Why the present and future of image representation is self supervised (Part 3)

Momentum Contrast for Unsupervised Visual Representation Learning(MOCOv2)

In the previous post, we present SIMCLR as one of the most promising self-supervised image representation methods. As the caviat of long training and large batch sizes could be too much for many applications, Mocov2 and its subsequent versions are both exploration.

https://arxiv.org/pdf/1911.05722.pdf

Introduction

Self supervised methods in NLP are the norm, and almost how they have been built. Language tasks haven been made more and more efficient with the usage of dictionaries and keys on attention models, where memory is manage very efficiently on very large texts.

The obvious continouous, highly dimensional nature of image data should not be a block for leveraging the learnings from NLP in self supervised tasks and representations in computer vision. Moco is a great proof of how it can be done.

If we reframe keys and tokens in the forms of group of images that are similar in the same query and disimilar to other queries we are exactly doing that.

Momentum contrast allows to build large dictionaries that encode queries an try to model properly the similarity between key. Think of the dictionary as a queue of samples that dynamically get updated. By slowly adapting the key encoder we are ensuring that learning and memory remains (old key encoding does not fade away).
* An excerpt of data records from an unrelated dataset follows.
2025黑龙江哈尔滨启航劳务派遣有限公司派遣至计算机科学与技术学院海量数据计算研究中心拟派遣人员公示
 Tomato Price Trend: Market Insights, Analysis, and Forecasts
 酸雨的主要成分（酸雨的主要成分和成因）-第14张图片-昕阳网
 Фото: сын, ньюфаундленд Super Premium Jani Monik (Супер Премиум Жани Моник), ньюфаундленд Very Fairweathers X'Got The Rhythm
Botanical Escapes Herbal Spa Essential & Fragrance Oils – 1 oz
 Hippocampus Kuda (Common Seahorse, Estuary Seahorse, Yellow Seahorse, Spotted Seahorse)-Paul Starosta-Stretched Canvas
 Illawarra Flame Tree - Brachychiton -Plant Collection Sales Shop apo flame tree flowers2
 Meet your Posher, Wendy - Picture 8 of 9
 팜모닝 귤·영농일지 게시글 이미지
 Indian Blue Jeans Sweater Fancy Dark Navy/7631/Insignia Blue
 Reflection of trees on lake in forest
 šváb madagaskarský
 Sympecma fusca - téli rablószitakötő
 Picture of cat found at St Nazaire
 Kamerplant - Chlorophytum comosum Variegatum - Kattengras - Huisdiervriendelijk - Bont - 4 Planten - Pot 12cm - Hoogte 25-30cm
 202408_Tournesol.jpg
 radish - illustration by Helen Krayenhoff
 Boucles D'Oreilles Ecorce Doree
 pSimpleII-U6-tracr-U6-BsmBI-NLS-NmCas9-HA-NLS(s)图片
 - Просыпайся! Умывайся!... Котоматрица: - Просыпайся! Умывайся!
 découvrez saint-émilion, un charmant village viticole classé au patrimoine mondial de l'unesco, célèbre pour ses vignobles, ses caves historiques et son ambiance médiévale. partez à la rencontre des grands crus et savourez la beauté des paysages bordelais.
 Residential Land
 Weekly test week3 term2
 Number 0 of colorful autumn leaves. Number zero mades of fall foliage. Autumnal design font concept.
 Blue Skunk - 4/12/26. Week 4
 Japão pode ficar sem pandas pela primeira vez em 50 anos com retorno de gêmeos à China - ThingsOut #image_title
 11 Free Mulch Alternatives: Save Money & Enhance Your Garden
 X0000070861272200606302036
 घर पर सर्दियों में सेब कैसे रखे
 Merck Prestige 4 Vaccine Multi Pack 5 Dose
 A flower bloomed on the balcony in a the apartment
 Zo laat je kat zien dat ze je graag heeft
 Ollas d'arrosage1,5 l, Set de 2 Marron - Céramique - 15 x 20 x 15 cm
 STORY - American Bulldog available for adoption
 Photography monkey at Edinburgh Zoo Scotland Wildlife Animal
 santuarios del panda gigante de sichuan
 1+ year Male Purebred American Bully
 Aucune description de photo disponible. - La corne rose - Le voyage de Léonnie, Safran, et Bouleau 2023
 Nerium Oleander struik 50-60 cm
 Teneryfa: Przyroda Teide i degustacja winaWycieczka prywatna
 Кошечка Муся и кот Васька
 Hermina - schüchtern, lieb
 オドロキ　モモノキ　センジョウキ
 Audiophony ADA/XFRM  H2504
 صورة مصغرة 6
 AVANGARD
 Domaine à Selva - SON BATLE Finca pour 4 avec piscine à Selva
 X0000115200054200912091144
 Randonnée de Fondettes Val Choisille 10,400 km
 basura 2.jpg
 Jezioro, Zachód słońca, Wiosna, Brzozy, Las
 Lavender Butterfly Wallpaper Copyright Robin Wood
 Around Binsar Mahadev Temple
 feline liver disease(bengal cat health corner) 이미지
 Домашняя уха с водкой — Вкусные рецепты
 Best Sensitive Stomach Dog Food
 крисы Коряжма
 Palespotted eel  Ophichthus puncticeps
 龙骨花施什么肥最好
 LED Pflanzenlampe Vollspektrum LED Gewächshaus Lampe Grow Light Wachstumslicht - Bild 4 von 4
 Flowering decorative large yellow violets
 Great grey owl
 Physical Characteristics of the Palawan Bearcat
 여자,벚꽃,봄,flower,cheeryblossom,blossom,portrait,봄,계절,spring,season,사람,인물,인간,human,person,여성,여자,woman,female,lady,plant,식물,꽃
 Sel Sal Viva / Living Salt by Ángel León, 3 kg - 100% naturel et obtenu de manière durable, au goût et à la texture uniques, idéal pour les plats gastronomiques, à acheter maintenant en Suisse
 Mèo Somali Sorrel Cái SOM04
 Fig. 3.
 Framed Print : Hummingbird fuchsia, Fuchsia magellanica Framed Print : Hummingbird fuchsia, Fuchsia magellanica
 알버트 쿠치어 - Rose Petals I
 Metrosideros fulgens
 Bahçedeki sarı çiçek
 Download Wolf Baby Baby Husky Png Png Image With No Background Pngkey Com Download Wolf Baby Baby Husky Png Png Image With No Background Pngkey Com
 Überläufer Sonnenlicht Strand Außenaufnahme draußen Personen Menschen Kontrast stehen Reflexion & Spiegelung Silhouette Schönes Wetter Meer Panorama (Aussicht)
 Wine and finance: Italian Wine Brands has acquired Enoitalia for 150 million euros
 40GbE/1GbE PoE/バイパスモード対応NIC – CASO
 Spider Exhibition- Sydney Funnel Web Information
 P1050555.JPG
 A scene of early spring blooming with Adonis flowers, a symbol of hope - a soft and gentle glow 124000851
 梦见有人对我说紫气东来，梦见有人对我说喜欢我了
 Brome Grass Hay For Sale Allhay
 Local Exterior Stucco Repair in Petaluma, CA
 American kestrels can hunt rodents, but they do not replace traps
MoCo provides representations that differ for negative augmentations of the anchor image and its augmentations.Using a pretext task very similar than in SIMCLR,we are able to get competitive results on the Image Net and also real world data sts like Instagram data.

Method

The contrastive learning task at hand can be understood as an image dictionary lookup task.The contrastive loss function will be low for a positive key (same image but augmented) and high for the others keys (other images, with augmentations).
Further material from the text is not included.